UK accounted for nearly ‘40% of European VC funding rounds in Q2 2017’
Almost 40% of VC funding rounds in Europe went into UK or Ireland-based firms in Q2 2017.
According to Pitchbook’s European Venture report, investment into the UK remained in line with historical levels, despite other regions looking to capitalise on the potential movement of startups away from London following Brexit.
The report goes on to note that the UK’s ability to attract investment remained largely unaffected by Brexit, but notes that the true impact of the vote may not have been felt yet.
“The opportunity may still yet present itself, as the full reaction to the UK leaving the EU may not be realised until the exit has been fully negotiated and agreed upon.
“A hard Brexit will have more consequences for the industry, especially if more restrictive immigration laws are enacted, as those would push foreign entrepreneurs to other VC hubs,” it adds.
Paris: One to watch
The report found that European venture capital investment decreased following the second quarter of this year, but highlights Paris as one of the continent’s burgeoning technology hubs.

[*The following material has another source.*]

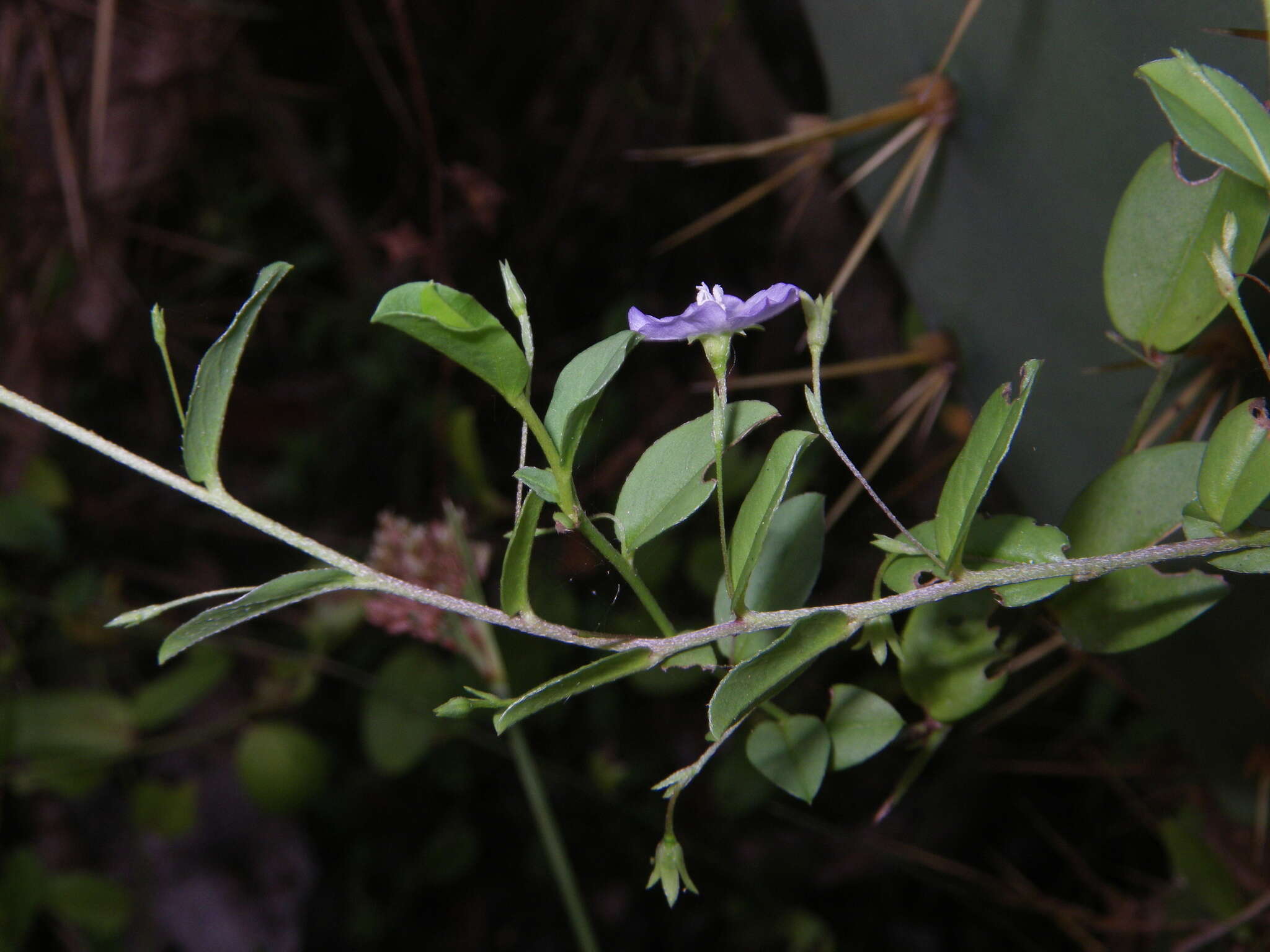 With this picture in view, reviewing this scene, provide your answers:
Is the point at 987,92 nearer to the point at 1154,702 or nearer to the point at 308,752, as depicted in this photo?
the point at 1154,702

According to the data, Paris has seen its deal count and overall deal value increase for three consecutive years – increasing to €1.1bn invested across 247 rounds in 2016.
The French capital, it adds, may have largely flown under the radar as a VC hub in Europe, but the findings show that it received the second most VC deals of any European capital in the past three years, and is likely to increase its proportion in the coming quarters.
Despite Berlin often touted as London’s main competitor in Europe, Pitchbook’s report says that Paris’ 89 rounds this year are almost 15% higher than the German capital’s total.
As much as Brexit’s potential impact has caught the attention of many of the UK’s entrepreneurs, the report argues that Emmanuel Macron’s presidential election victory is set to boost the French venture capital scene further.
“The president is looking to boost the industry by making the country more business friendly through loosening regulations and is also looking to lower the corporate tax rate and the capital gains taxes, which could prompt more angels to get into the business of investing.
“Along with those changes, Macron has also opened the country’s arms to immigrants looking to start businesses,” it concludes.